— TASK GOAL —
Take the listing and give it again exactly, from its first line to its last line.

*** Opening SUPPLIED DATA ***

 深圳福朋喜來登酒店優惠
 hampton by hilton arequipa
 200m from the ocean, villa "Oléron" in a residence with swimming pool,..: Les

*** Closing SUPPLIED DATA ***

— TASK RESULT —
 深圳福朋喜來登酒店優惠
 hampton by hilton arequipa
 200m from the ocean, villa "Oléron" in a residence with swimming pool,..: Les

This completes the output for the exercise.